--- Data extract ---
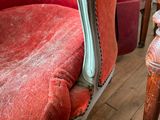 a red chair that is sitting on a wooden floor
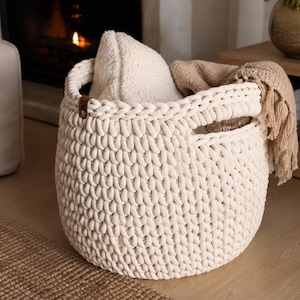 May include: A round, off-white chunky knit storage basket made of thick cord, featuring integrated side handles and a small brown leather accent tab. The basket contains a textured cream-coloured pillow and a beige fringed throw blanket.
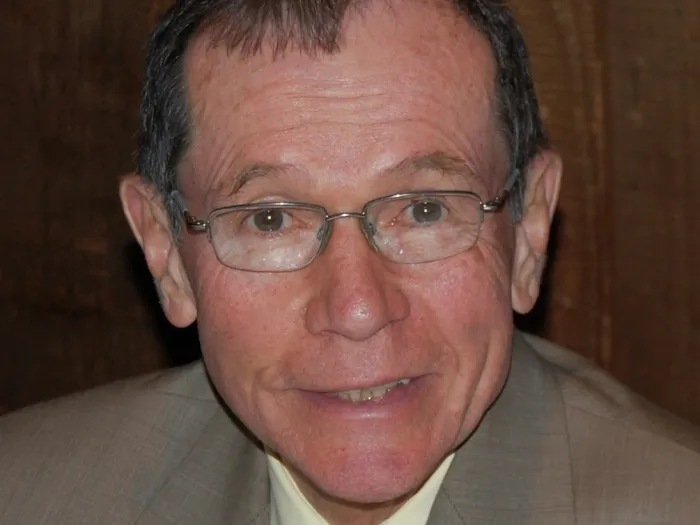 Headshot of man in suit and tie.
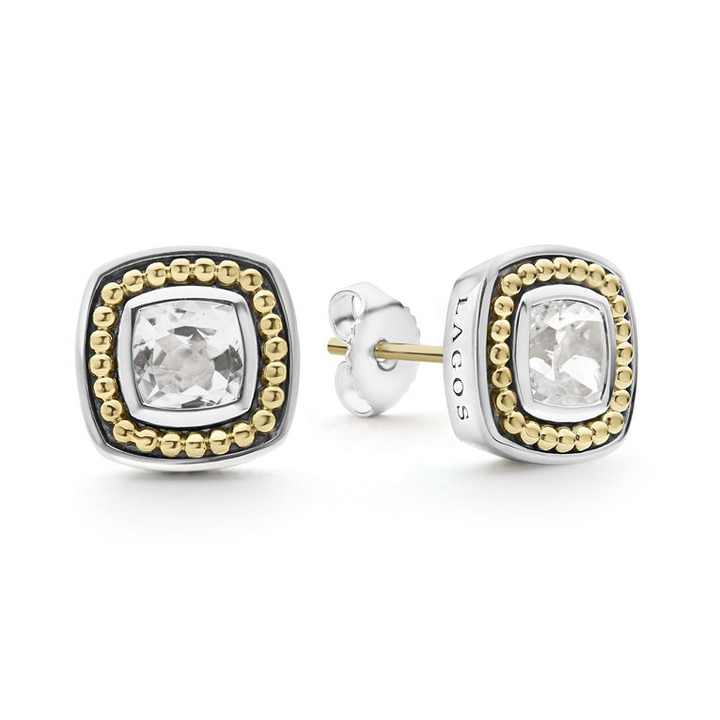 A pair of stud earrings with a White topaz gemstone surrounded by sterling silver and 18k gold Caviar beading. The right earring is angled to the side, showing the back.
---
Keep the pictures out and transcribe the listing exactly.

Final answer |
 a red chair that is sitting on a wooden floor
 May include: A round, off-white chunky knit storage basket made of thick cord, featuring integrated side handles and a small brown leather accent tab. The basket contains a textured cream-coloured pillow and a beige fringed throw blanket.
 Headshot of man in suit and tie.
 A pair of stud earrings with a White topaz gemstone surrounded by sterling silver and 18k gold Caviar beading. The right earring is angled to the side, showing the back.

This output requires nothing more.